Just reading over the $42 billion stimulus package, it’s interesting to look at it’s composition by program.
But even more interesting is to look at it in terms of its tax breaks and transfer payments vs its infrastructure and construction components as a whole.
As we can see, the stimulus is front loaded for the rest of this financial year and all of the next, before slowly tapering in 2010/2011 and fading out in 2011/2012.
But the entire package is clearly not a “one off sugar hit”. $14.4 billion for the remainder of this financial year followed by $15.9 billion for 2009/10, then a further $9.9 billion for 2010/11 before washing out to $1.5 billion in 2011/12 is anything but.

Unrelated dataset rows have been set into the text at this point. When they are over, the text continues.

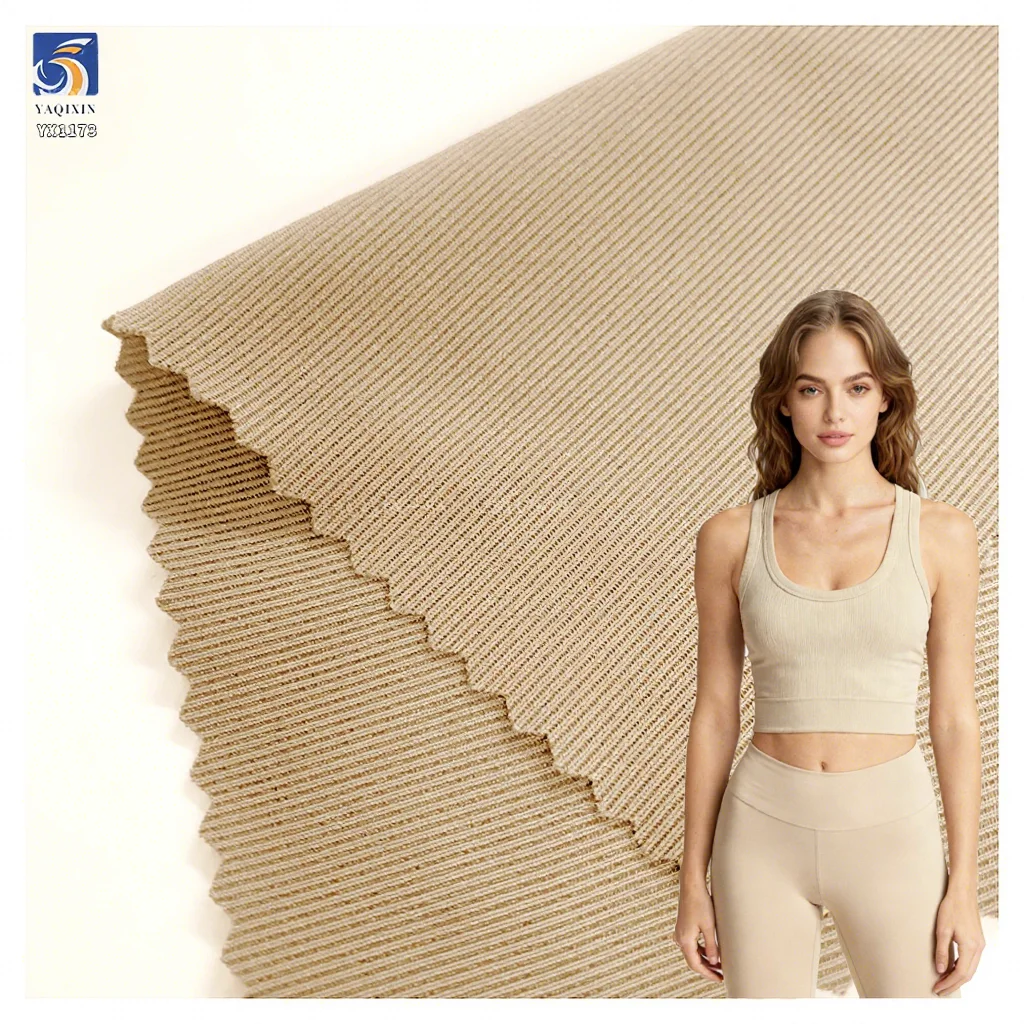 YX1173 210gsm Quick-Drying Breathable Knit Cooling T Shirt Fabric 85 Polyester 15 Spandex Stretch Polo Fabric for Womenswear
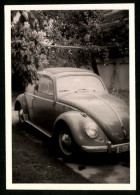 Fotografie Auto VW Käfer, Volkswagen Mit Faltdach & Kennzeichen Berlin  - Cars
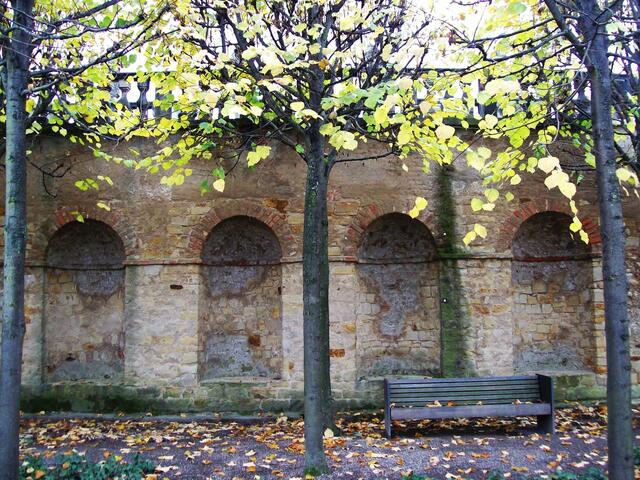 Novemberstimmung in den Herrenhäuser Gärten Hannover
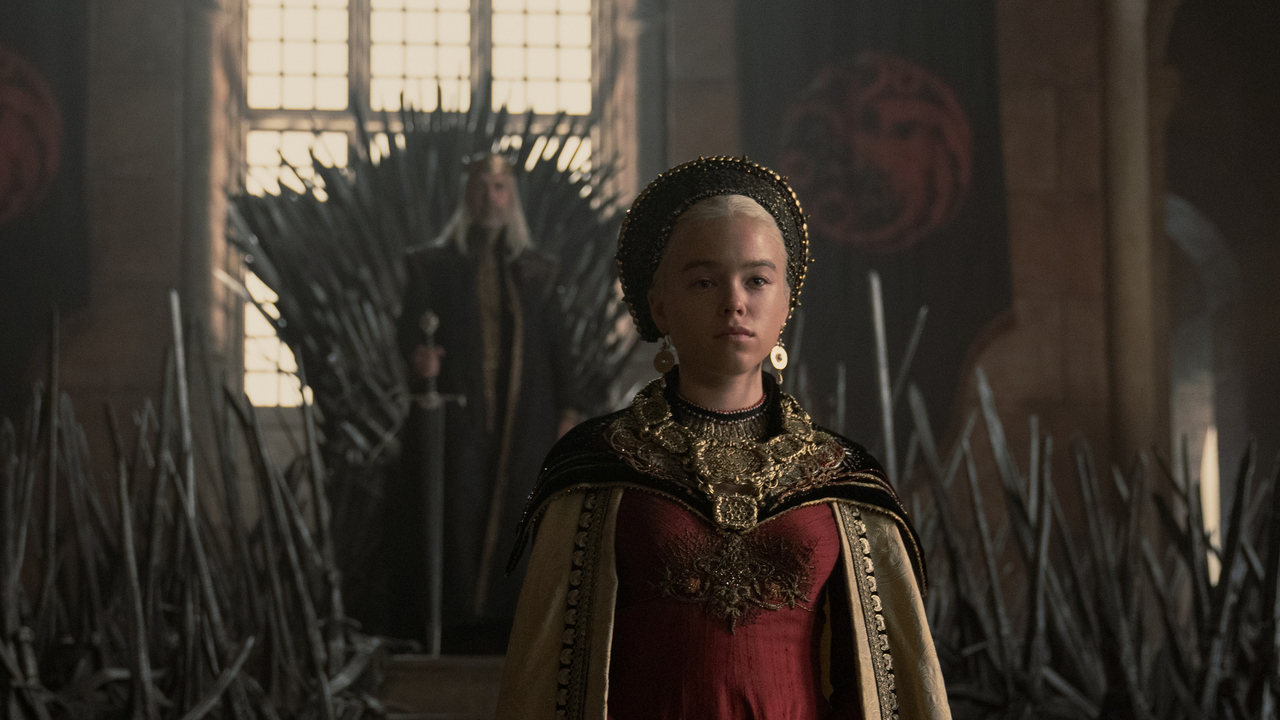 House of the Dragon, Rhaenyra Targaryen - Cinematographe.it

The tax credits and transfer payments make up the bulk of this years stimulus because it’s the easiest way to inject cash into the economy instantly, probably the only practical way to inject cash into the economy instantly – but from the start of next financial year, the infrastructure and construction spending kicks in to take over from the cash payments as economic stimulus.
To further highlight the silliness of the “one off sugar hit” claim, we need to remember that the money provided in the cash payments wont actually be spent all at once. Some of it will be spent upfront, some of it will be deferred to be spent later and some of it will be saved and used to retire debt (which then flows through to the banking system) – and every time that some of the cash payments are spent, that cash then churns through the economy where some of it will be spent again, and again, and again after that in ever decreasing increments as the cycle goes on.
In terms of when the cash actually goes through the economy rather than when it leaves the government’s bank accounts, everything in the chart needs to be shifted partially to the right. Much of the cash payments that will be spent won’t actually be spent this financial year but next. Much of the payments given to school construction wont be spent in the year it’s provided by government, but in the following year as inputs like labour and materials are purchased once the projects are actually up and running.
All this stimulus then slowly churns through the economy again and again, in cycles of ever decreasing magnitude.
It’s only a “one off sugar hit” if you’re walking to the beat of a different dictionary.